→ **SUPPLIED INFORMATION**
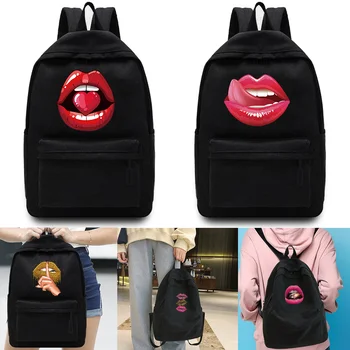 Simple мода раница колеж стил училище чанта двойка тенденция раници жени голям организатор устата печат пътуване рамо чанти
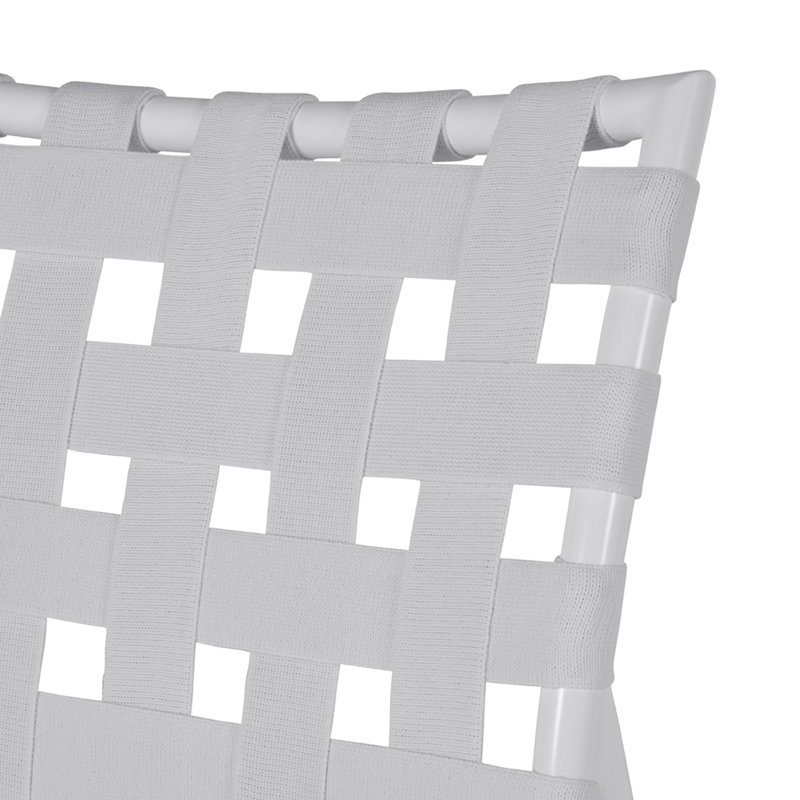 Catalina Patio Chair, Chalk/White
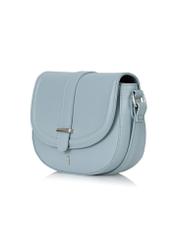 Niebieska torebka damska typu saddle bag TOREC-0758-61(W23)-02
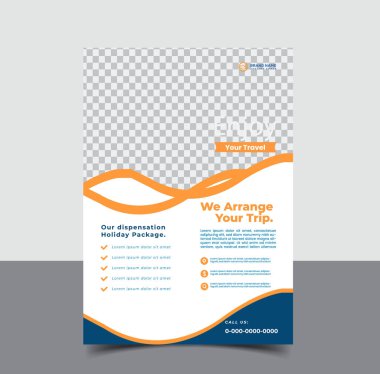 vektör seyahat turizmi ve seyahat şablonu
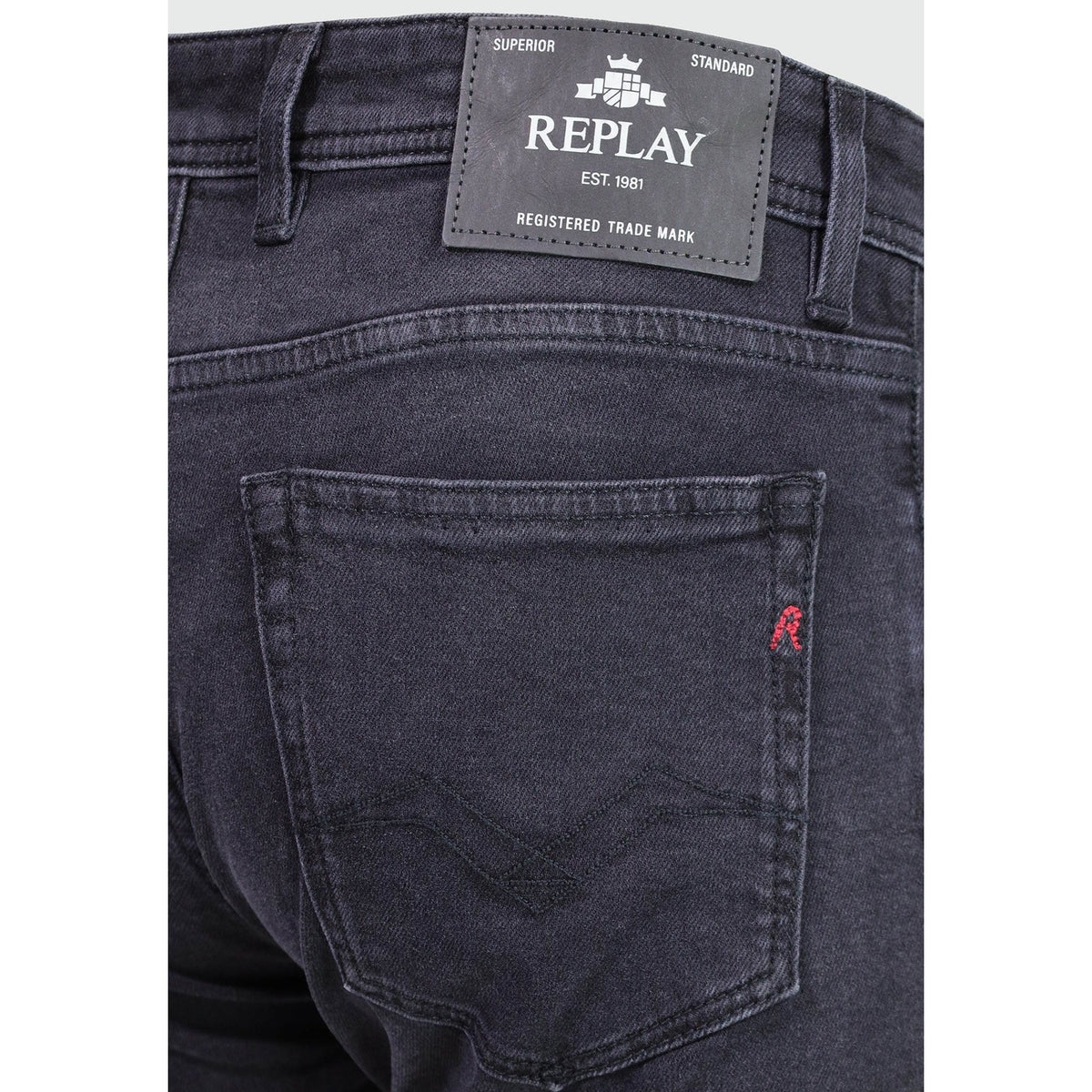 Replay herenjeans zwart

--

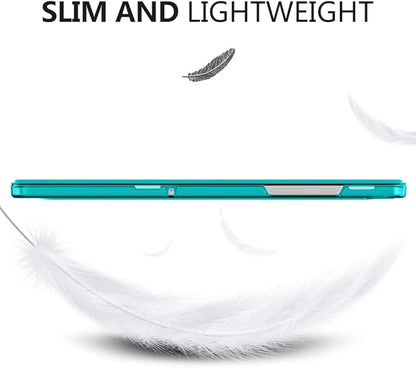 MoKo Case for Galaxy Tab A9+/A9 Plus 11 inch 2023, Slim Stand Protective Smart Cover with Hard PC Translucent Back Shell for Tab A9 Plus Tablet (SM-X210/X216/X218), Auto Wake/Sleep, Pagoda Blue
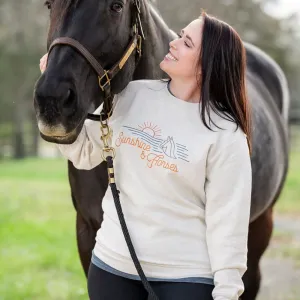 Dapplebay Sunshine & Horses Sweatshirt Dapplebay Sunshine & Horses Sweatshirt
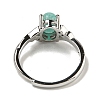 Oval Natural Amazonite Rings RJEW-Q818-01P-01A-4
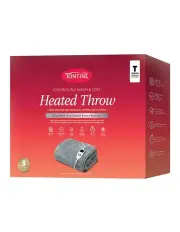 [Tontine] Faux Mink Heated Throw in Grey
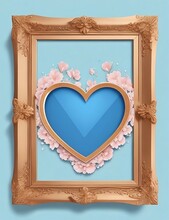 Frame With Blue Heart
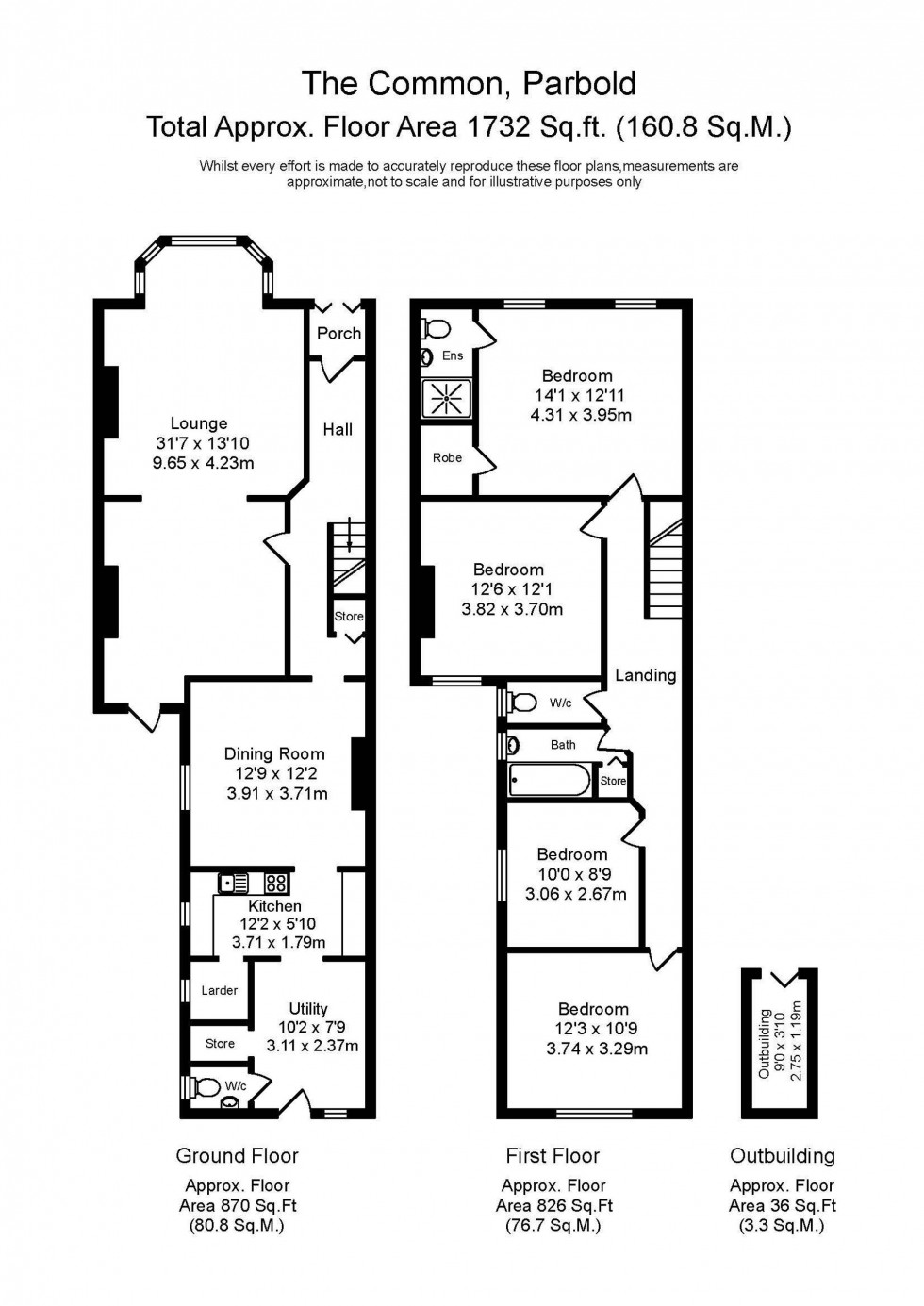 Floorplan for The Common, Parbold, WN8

* * *

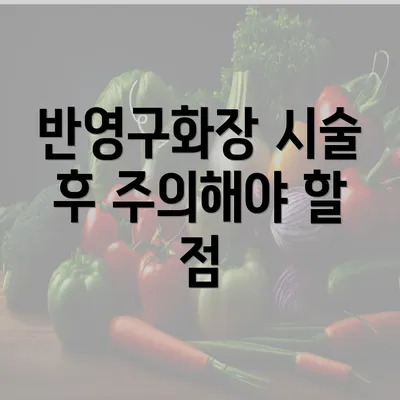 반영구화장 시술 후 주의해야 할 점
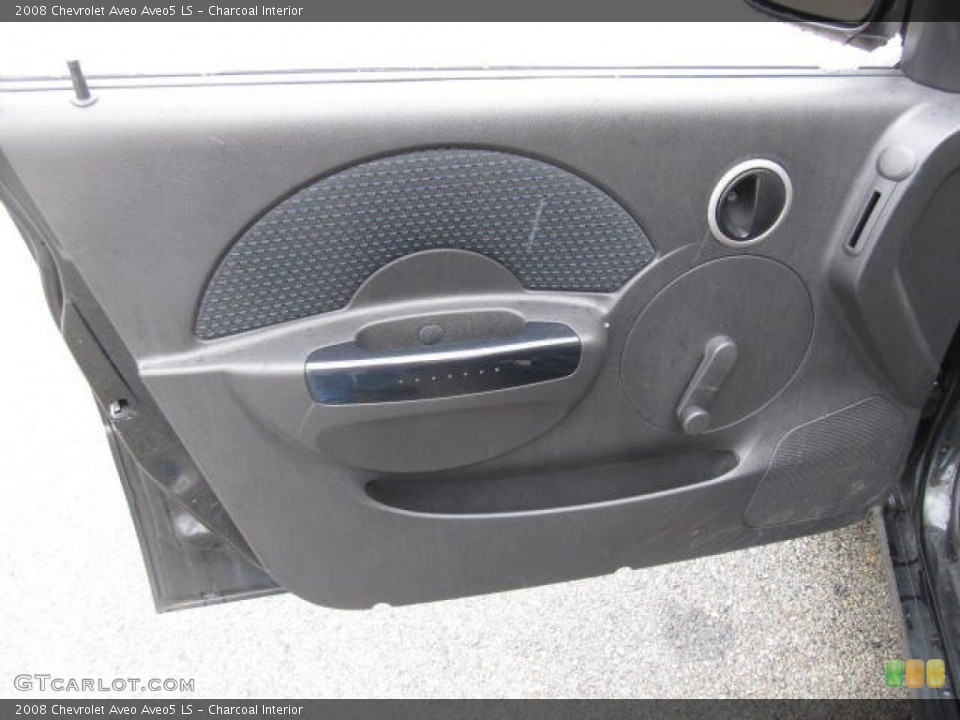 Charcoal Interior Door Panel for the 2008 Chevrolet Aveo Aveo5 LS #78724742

→ **WHAT THE TASK REQUIRES**
Return exactly the stretch above whose first line contains "Dapplebay Sunshine & Horses Sweatshirt Dapplebay" and whose last line contains "Floorplan for The Common, Parbold, WN8", and nothing outside it. The pictures should not appear.

→ **SOLUTION FOR THIS EXERCISE**
 Dapplebay Sunshine & Horses Sweatshirt Dapplebay Sunshine & Horses Sweatshirt
 Oval Natural Amazonite Rings RJEW-Q818-01P-01A-4
 [Tontine] Faux Mink Heated Throw in Grey
 Frame With Blue Heart
 Floorplan for The Common, Parbold, WN8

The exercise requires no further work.